_MATERIAL FOR THE TASK_
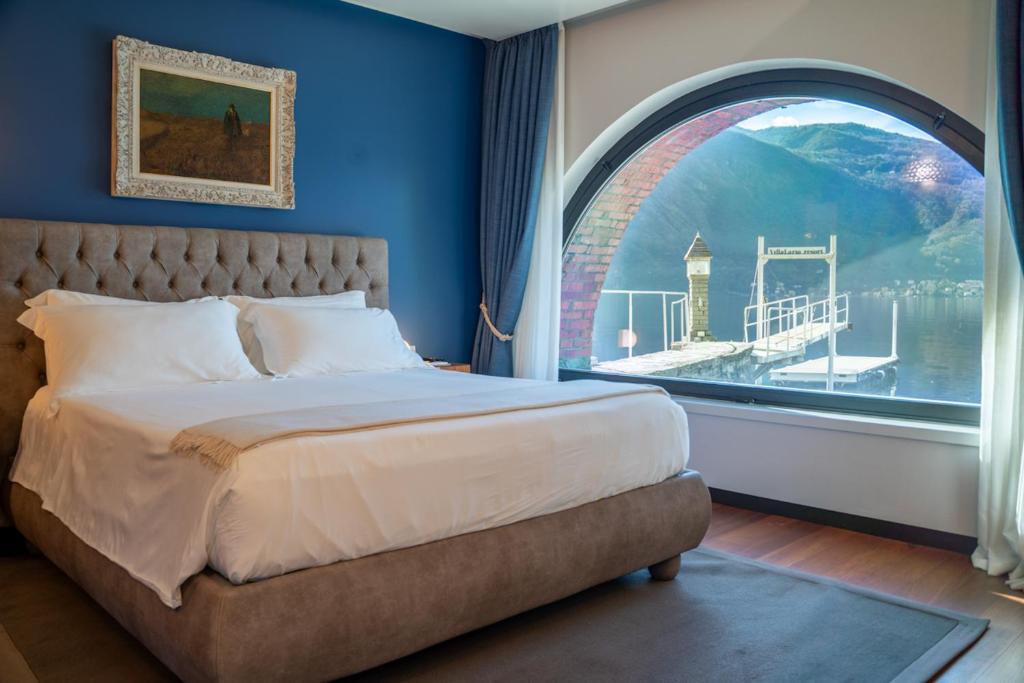 um quarto com uma cama grande e uma janela em arco em Villa Lario Resort Mandello em Mandello del Lario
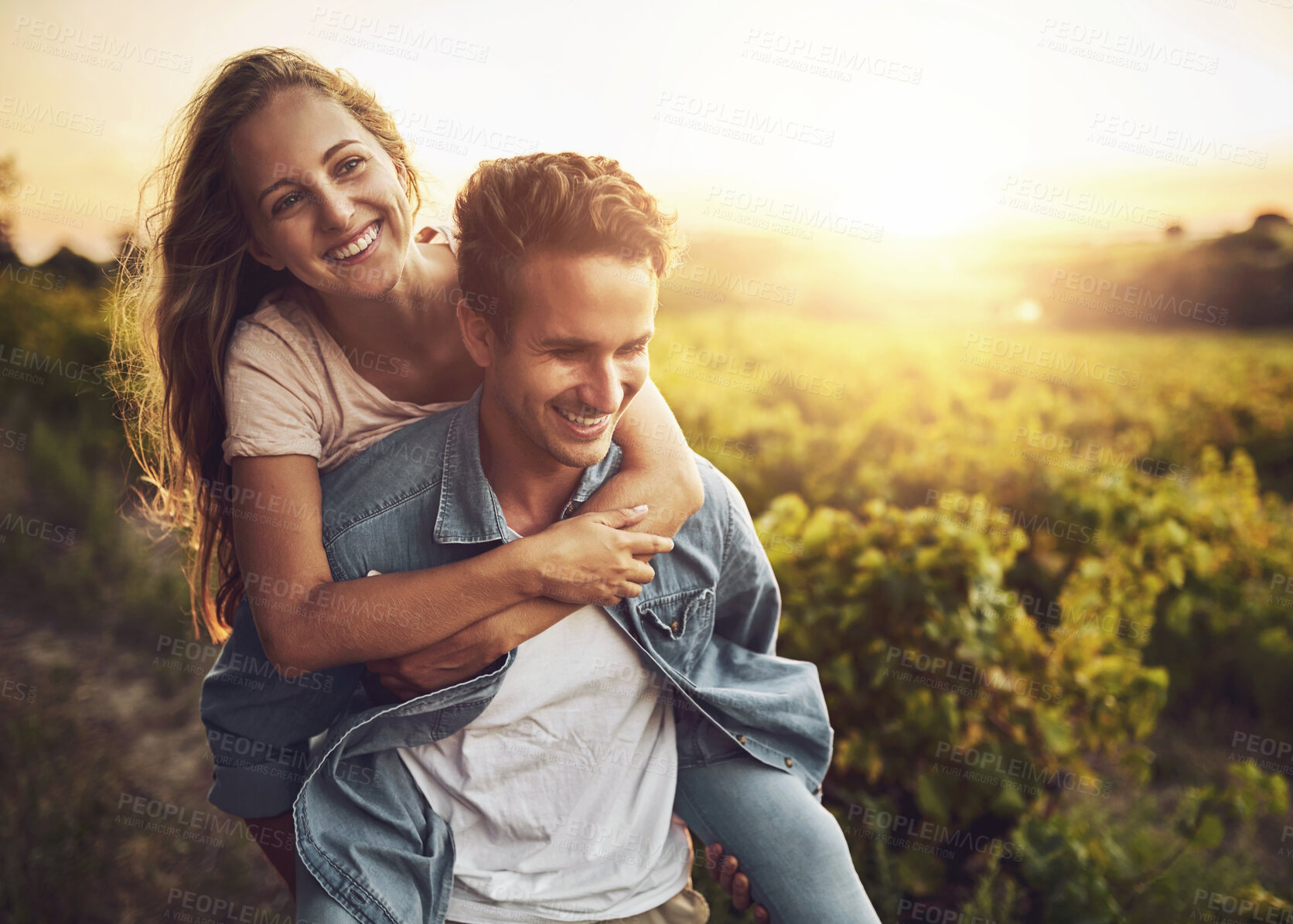 Buy stock photo Piggyback, couple and nature field at sunset on horizon with plants, farmer and organic with embrace. Farm, agriculture and romance at countryside with smile, hug and relationship in America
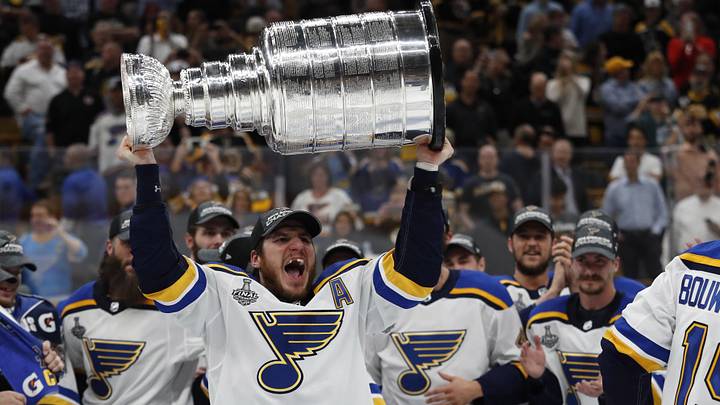 Jun 12, 2019; Boston, MA, USA; St. Louis Blues left wing Alexander Steen (20) hoists the Stanley Cup after defeating the Boston Bruins in game seven of the 2019 Stanley Cup Final at TD Garden. Mandatory Credit: Winslow Townson-Imagn Images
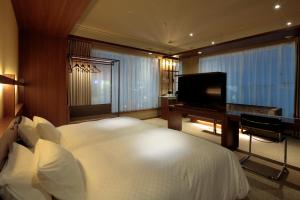 Candeo Hotels Kumamoto Shinshigai電視和／或娛樂中心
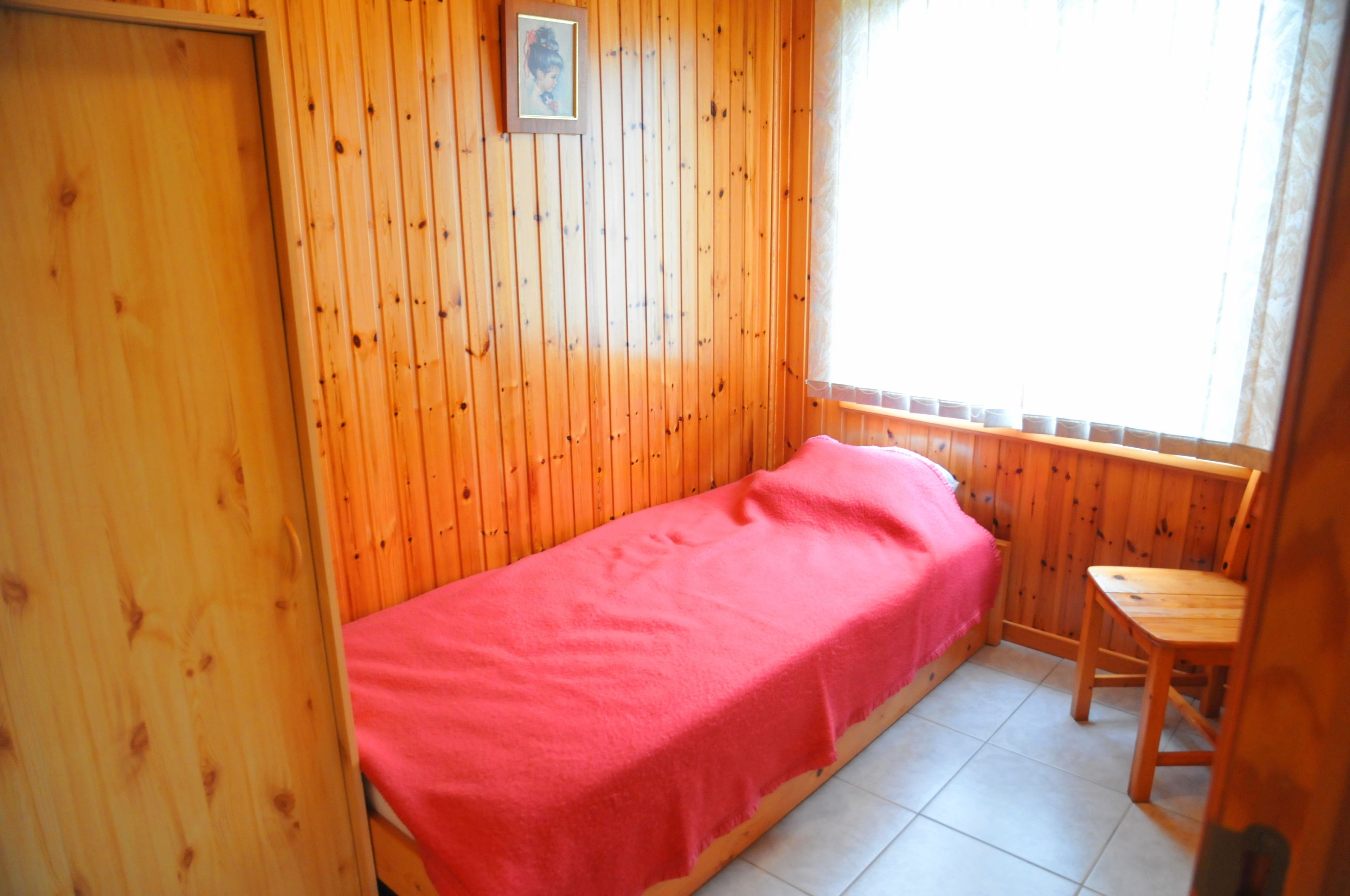 Ein kleines Zimmer mit einem Einzelbett, Holzwänden und einem Fenster.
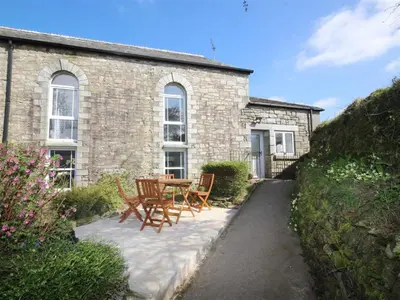a patio with a table and chairs in front of a building at Organ Loft North Coast moorland on the doorstep in Saint Breward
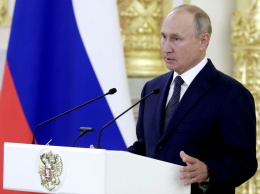 Путин подписал закон о повышении налога на "богатых"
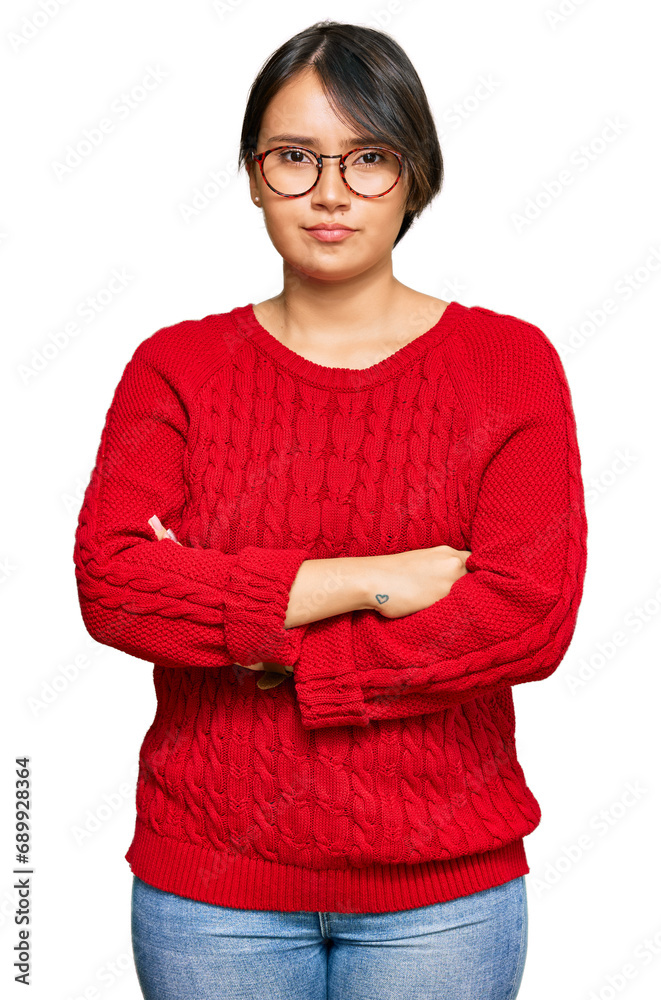Young beautiful hispanic woman with short hair wearing casual sweater and glasses skeptic and nervous, disapproving expression on face with crossed arms. negative person. Young beautiful hispanic woman with short hair wearing casual sweater and glasses skeptic and nervous, disapproving expression on face with crossed arms. negative person.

_WHAT YOU WILL DO_
Your copy of the data should match it exactly, apart from the images, which are omitted.

_TASK ANSWER_
 um quarto com uma cama grande e uma janela em arco em Villa Lario Resort Mandello em Mandello del Lario
 Buy stock photo Piggyback, couple and nature field at sunset on horizon with plants, farmer and organic with embrace. Farm, agriculture and romance at countryside with smile, hug and relationship in America
 Jun 12, 2019; Boston, MA, USA; St. Louis Blues left wing Alexander Steen (20) hoists the Stanley Cup after defeating the Boston Bruins in game seven of the 2019 Stanley Cup Final at TD Garden. Mandatory Credit: Winslow Townson-Imagn Images
 Candeo Hotels Kumamoto Shinshigai電視和／或娛樂中心
 Ein kleines Zimmer mit einem Einzelbett, Holzwänden und einem Fenster.
a patio with a table and chairs in front of a building at Organ Loft North Coast moorland on the doorstep in Saint Breward
 Путин подписал закон о повышении налога на "богатых"
Young beautiful hispanic woman with short hair wearing casual sweater and glasses skeptic and nervous, disapproving expression on face with crossed arms. negative person. Young beautiful hispanic woman with short hair wearing casual sweater and glasses skeptic and nervous, disapproving expression on face with crossed arms. negative person.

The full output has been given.